Often. I saw lots of tactics.

I am the primary DM of the group. I set things up so the players would have to make such decisions.

I've already stated that I understand the default difficulty game level of PF1 was not very challenging past lvl 7 or so. When a game isn't challenging, you don't really have to use tactics. But that doesn't mean tactical options don't exist in PF1.

I designed the encounters requiring tactical decisions to win in PF1. Thus tactical decision making was required when best to use and not use feats or what not.

That's why I know tons of PF1 tactics. I DMed it for years. I built encounters meticulously for years to force tactical decision making.

I moved from PF1 to PF2 not because PF2 offers superior tactical options, but because it maintained the tactical gameplay I enjoyed with 1/10th the work I had to put in to make the game challenging in PF1.
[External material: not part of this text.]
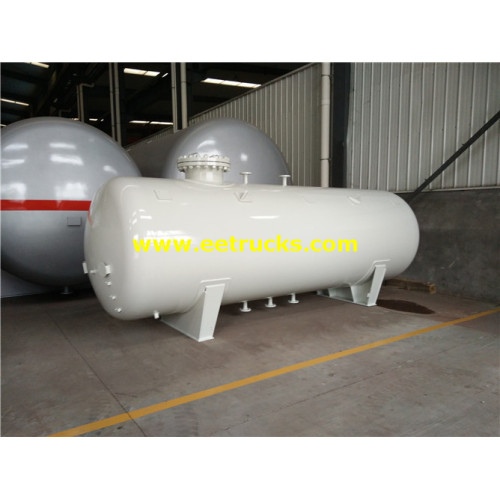 Xe tăng LPG nhỏ trong nước 15cbm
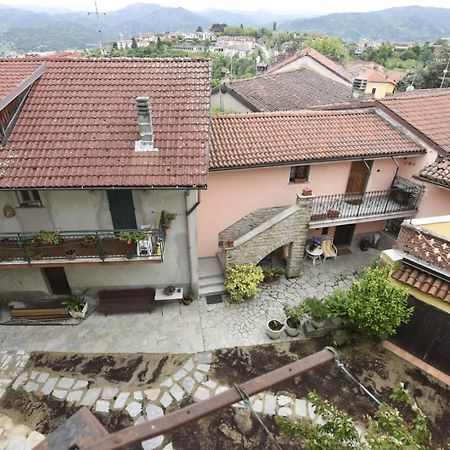 Il Borgo Del Castello Otel Cremolino Dış mekan fotoğraf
Making PF1 challenging enough to make players play tactically was like writing a 10 page term paper every major encounter. I burned out on that.

PF2 default level is challenging. Thus it naturally encourages tactical play to win rather than having to build everything up to challenge the numerical superiority players could obtain in PF1.

If you want to argue that angle that makes PF2 more tactical, I can agree with that. PF1 started off levels 1 through about 7 as fairly challenging with tactical decision making required, then went off the rails with each additional level of progression requiring ever greater work to challenge the PCs.

PF2 that doesn't happen, so you can challenge the PCs with monsters as written up to level 20.

My group has had zero trouble adjusting to PF2 tactics. PF2 mathematical norms they had some troubles adjusting to, but tactically they have built for tactical efficiency as they learned the system. PF2 tactics are no more complex to them than PF1.

I don't hate PF2, so I'm not sure why it is so important for some to prove that PF2 is more tactical than PF1 as a selling point. It just isn't. It isn't necessary to sell PF2 as a superior tactical game to make the game enjoyable.

Players who played challenging PF1 games will know that PF2 isn't more tactically interesting than PF1. I don't see the point in telling them otherwise.

PF1 was a very tactical game in my experience. I had a blast learning all the tactical options in that game just as I'm enjoying having tactical options in PF2.

I'll leave it there with the dead horse thoroughly beaten.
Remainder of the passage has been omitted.